*** Records for the task ***

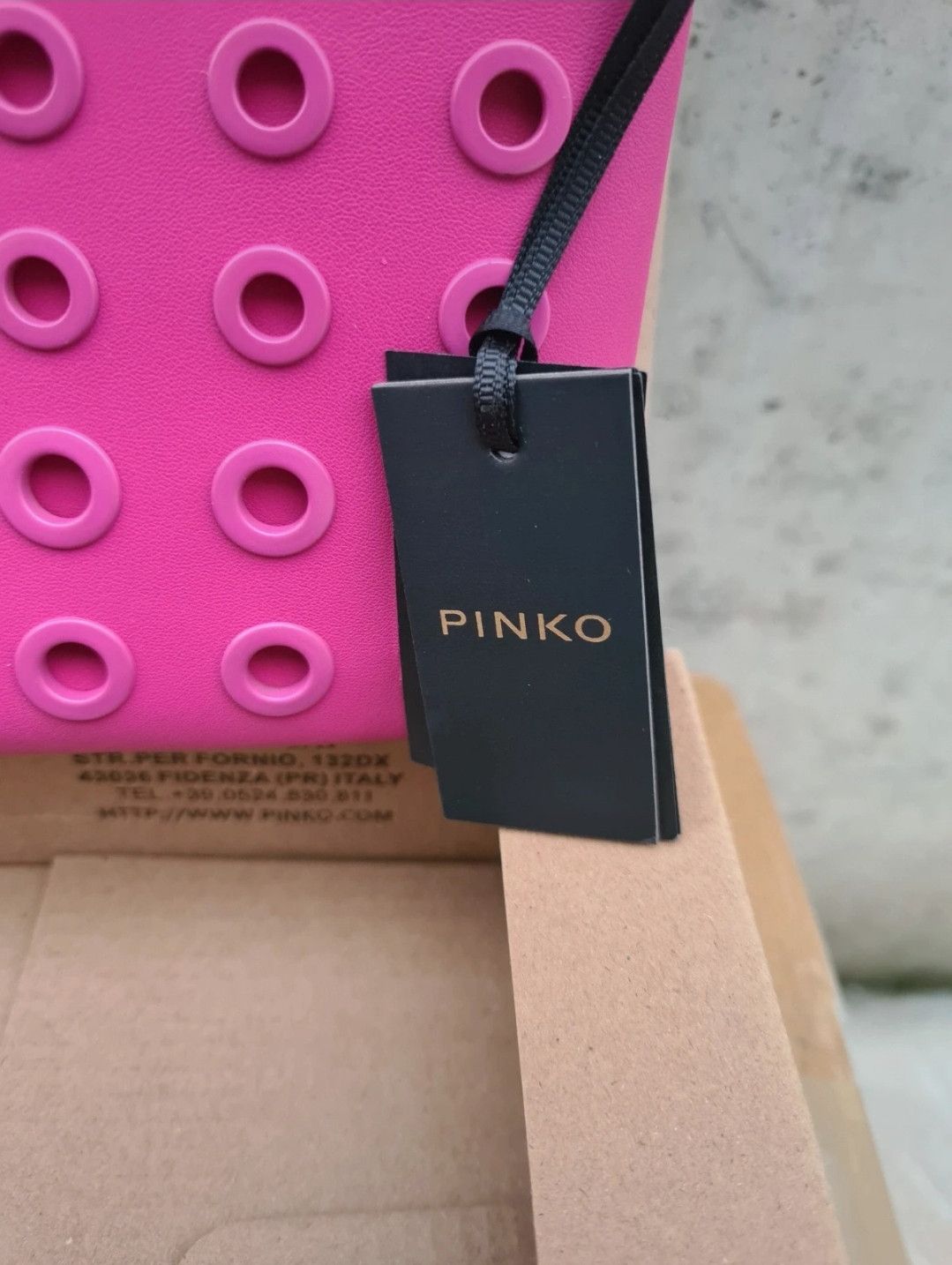 Pinko Pinko bag flat classic limited edition Size ONE SIZE - 7 Thumbnail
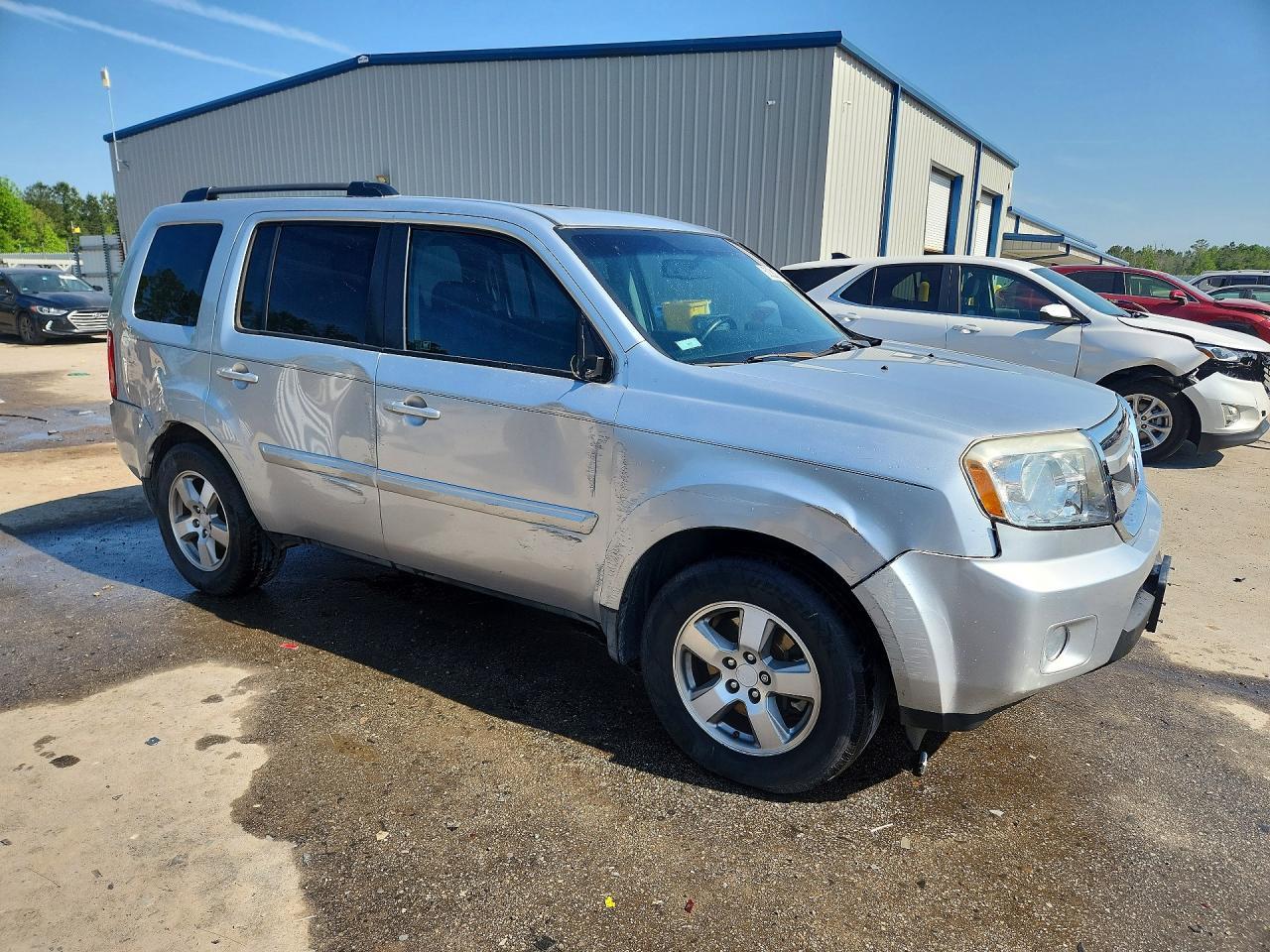 2011 HONDA PILOT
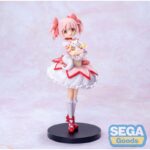 Magia Record: Puella Magi Madoka Magica Side Story SPM PVC Statue Madoka Kaname 24 cm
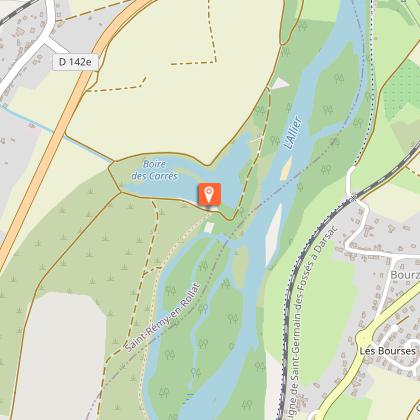 Audio du circuit de la Héronnière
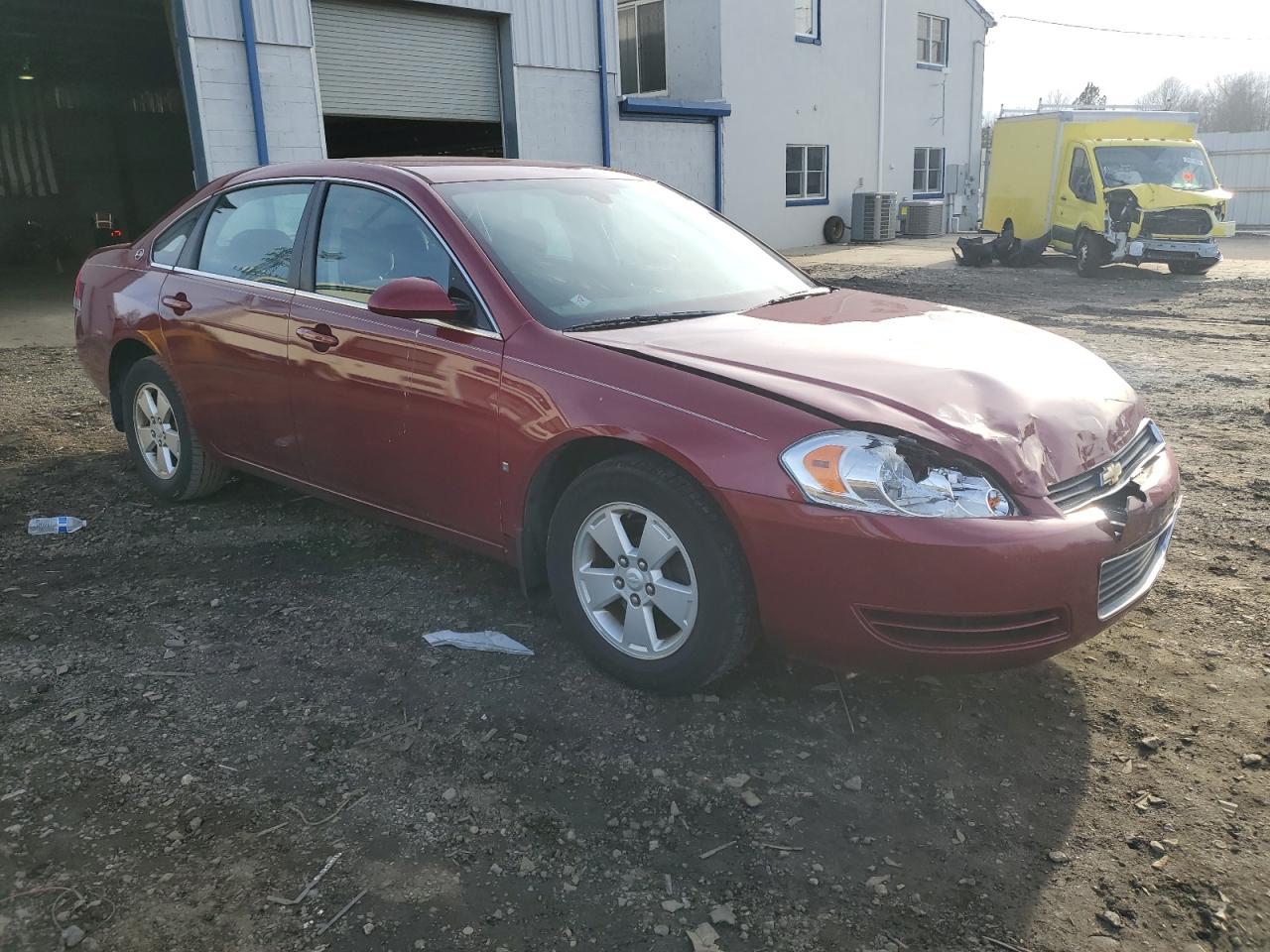 Photo 3 VIN: 2G1WT55K489110794 - CHEVROLET IMPALA 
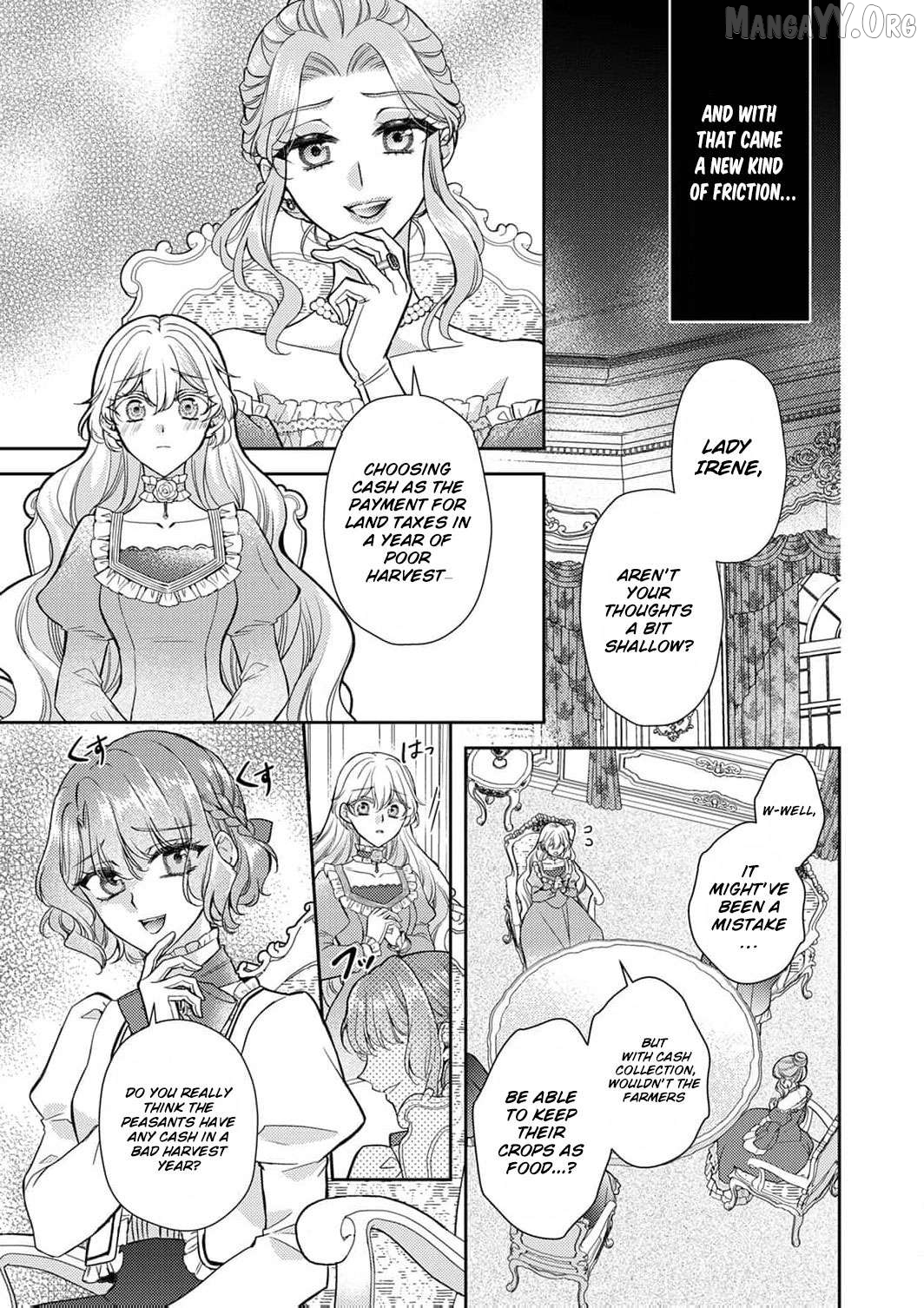 Koushaku Reijou Lydia no Utsukushiki Ken - Uragirareta no de Kochira kara Konyaku Hakisasete Itadakimasu Chapter 16 page 6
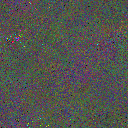 World at epoch 110000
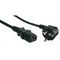 Akyga 220V Tápkábel, 1.5m - AK-PC-01A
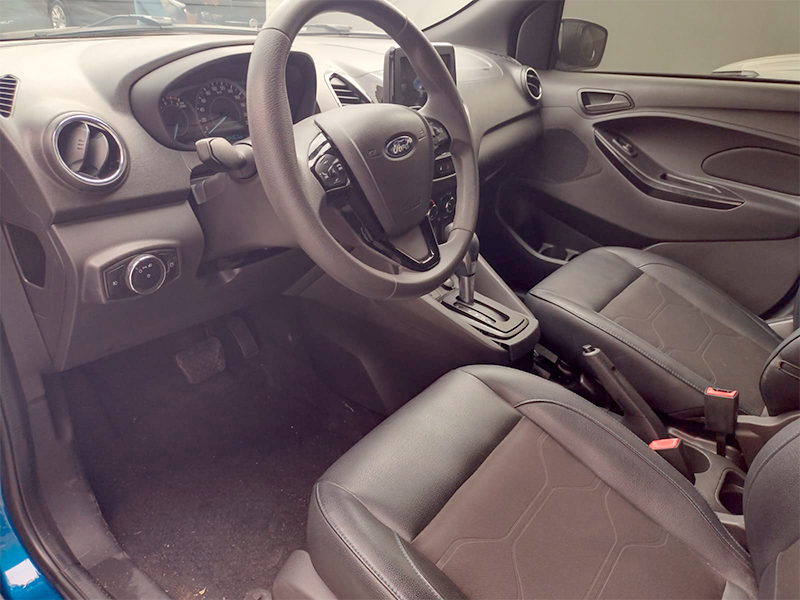 KA 1.5 TI-VCT FLEX 100 ANOS AUTOMÁTICO7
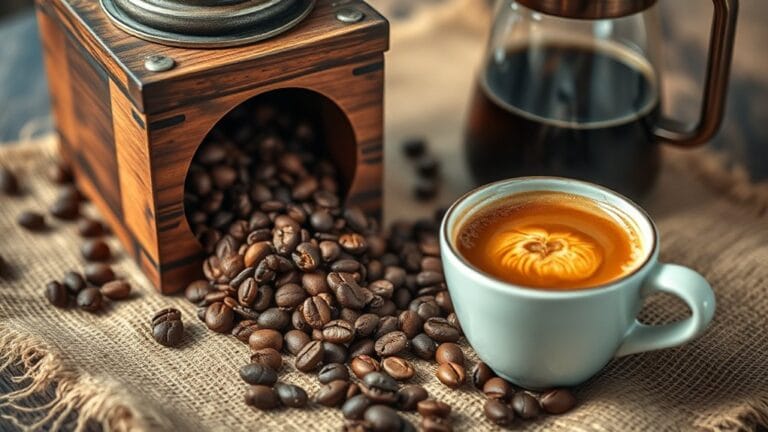 manual grinding enhances flavor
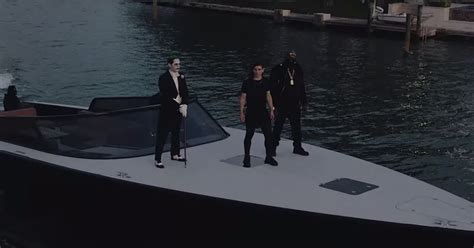 Watch Skrillex & Rick Ross’ ‘Purple Lamborghini’ Video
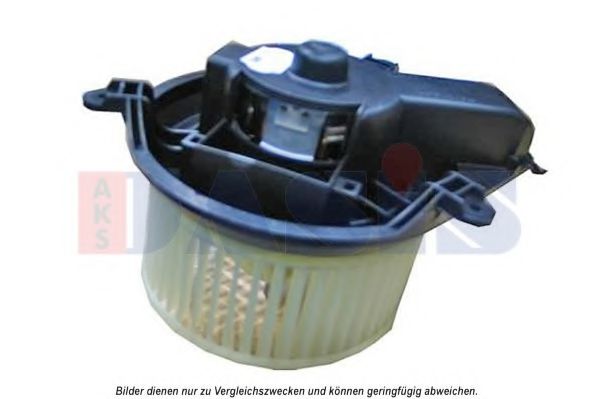 AKS DASIS 188066N Вентилятор салона для RENAULT (Рено) AKS DASIS 188066N Вентилятор салона для RENAULT (Рено)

***

Your task: Please return only the lines running from the line with "KA 1.5 TI-VCT FLEX 100 ANOS AUTOMÁTICO7" to the final line of the data, both included, exactly and without any pictures.

Written answer:
 KA 1.5 TI-VCT FLEX 100 ANOS AUTOMÁTICO7
 manual grinding enhances flavor
 Watch Skrillex & Rick Ross’ ‘Purple Lamborghini’ Video
 AKS DASIS 188066N Вентилятор салона для RENAULT (Рено) AKS DASIS 188066N Вентилятор салона для RENAULT (Рено)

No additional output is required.